Exercise prompt — Write the data out again exactly and in full.

Data to examine —

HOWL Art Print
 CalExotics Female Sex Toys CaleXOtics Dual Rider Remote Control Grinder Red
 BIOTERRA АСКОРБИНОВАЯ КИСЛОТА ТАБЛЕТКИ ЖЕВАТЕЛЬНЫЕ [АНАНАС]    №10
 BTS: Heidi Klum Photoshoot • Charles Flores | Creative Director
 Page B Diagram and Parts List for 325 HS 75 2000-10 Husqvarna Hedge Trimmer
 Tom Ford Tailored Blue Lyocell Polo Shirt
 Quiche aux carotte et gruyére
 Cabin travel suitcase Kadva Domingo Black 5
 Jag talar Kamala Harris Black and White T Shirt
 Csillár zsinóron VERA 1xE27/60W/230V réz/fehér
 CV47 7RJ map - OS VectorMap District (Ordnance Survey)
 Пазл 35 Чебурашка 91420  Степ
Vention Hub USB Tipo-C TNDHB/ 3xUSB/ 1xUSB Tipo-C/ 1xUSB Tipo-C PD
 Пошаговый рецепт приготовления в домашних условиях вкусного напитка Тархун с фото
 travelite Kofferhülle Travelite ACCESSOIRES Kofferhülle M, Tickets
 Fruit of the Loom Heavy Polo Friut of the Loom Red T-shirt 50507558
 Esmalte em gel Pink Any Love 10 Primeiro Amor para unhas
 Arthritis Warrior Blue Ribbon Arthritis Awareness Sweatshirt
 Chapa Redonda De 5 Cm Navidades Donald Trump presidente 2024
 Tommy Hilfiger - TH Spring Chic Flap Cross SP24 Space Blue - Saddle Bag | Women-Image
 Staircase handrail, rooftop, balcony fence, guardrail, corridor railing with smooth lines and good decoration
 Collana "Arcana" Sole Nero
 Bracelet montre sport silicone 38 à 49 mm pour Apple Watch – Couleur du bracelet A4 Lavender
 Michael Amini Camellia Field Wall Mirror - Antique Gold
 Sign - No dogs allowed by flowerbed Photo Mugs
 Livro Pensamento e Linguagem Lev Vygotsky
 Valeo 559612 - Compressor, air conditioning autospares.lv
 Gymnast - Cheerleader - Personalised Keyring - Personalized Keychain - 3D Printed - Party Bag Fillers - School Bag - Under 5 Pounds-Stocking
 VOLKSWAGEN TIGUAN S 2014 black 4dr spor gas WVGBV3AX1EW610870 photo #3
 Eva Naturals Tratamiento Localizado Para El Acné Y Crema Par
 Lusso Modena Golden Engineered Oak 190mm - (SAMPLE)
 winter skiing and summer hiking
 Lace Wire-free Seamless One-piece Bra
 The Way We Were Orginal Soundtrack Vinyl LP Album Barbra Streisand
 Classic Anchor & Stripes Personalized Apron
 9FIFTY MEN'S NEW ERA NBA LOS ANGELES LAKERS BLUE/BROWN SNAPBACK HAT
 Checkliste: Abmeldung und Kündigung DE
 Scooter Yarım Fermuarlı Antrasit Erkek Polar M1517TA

Answer to the problem —
HOWL Art Print
 CalExotics Female Sex Toys CaleXOtics Dual Rider Remote Control Grinder Red
 BIOTERRA АСКОРБИНОВАЯ КИСЛОТА ТАБЛЕТКИ ЖЕВАТЕЛЬНЫЕ [АНАНАС]    №10
 BTS: Heidi Klum Photoshoot • Charles Flores | Creative Director
 Page B Diagram and Parts List for 325 HS 75 2000-10 Husqvarna Hedge Trimmer
 Tom Ford Tailored Blue Lyocell Polo Shirt
 Quiche aux carotte et gruyére
 Cabin travel suitcase Kadva Domingo Black 5
 Jag talar Kamala Harris Black and White T Shirt
 Csillár zsinóron VERA 1xE27/60W/230V réz/fehér
 CV47 7RJ map - OS VectorMap District (Ordnance Survey)
 Пазл 35 Чебурашка 91420  Степ
Vention Hub USB Tipo-C TNDHB/ 3xUSB/ 1xUSB Tipo-C/ 1xUSB Tipo-C PD
 Пошаговый рецепт приготовления в домашних условиях вкусного напитка Тархун с фото
 travelite Kofferhülle Travelite ACCESSOIRES Kofferhülle M, Tickets
 Fruit of the Loom Heavy Polo Friut of the Loom Red T-shirt 50507558
 Esmalte em gel Pink Any Love 10 Primeiro Amor para unhas
 Arthritis Warrior Blue Ribbon Arthritis Awareness Sweatshirt
 Chapa Redonda De 5 Cm Navidades Donald Trump presidente 2024
 Tommy Hilfiger - TH Spring Chic Flap Cross SP24 Space Blue - Saddle Bag | Women-Image
 Staircase handrail, rooftop, balcony fence, guardrail, corridor railing with smooth lines and good decoration
 Collana "Arcana" Sole Nero
 Bracelet montre sport silicone 38 à 49 mm pour Apple Watch – Couleur du bracelet A4 Lavender
 Michael Amini Camellia Field Wall Mirror - Antique Gold
 Sign - No dogs allowed by flowerbed Photo Mugs
 Livro Pensamento e Linguagem Lev Vygotsky
 Valeo 559612 - Compressor, air conditioning autospares.lv
 Gymnast - Cheerleader - Personalised Keyring - Personalized Keychain - 3D Printed - Party Bag Fillers - School Bag - Under 5 Pounds-Stocking
 VOLKSWAGEN TIGUAN S 2014 black 4dr spor gas WVGBV3AX1EW610870 photo #3
 Eva Naturals Tratamiento Localizado Para El Acné Y Crema Par
 Lusso Modena Golden Engineered Oak 190mm - (SAMPLE)
 winter skiing and summer hiking
 Lace Wire-free Seamless One-piece Bra
 The Way We Were Orginal Soundtrack Vinyl LP Album Barbra Streisand
 Classic Anchor & Stripes Personalized Apron
 9FIFTY MEN'S NEW ERA NBA LOS ANGELES LAKERS BLUE/BROWN SNAPBACK HAT
 Checkliste: Abmeldung und Kündigung DE
 Scooter Yarım Fermuarlı Antrasit Erkek Polar M1517TA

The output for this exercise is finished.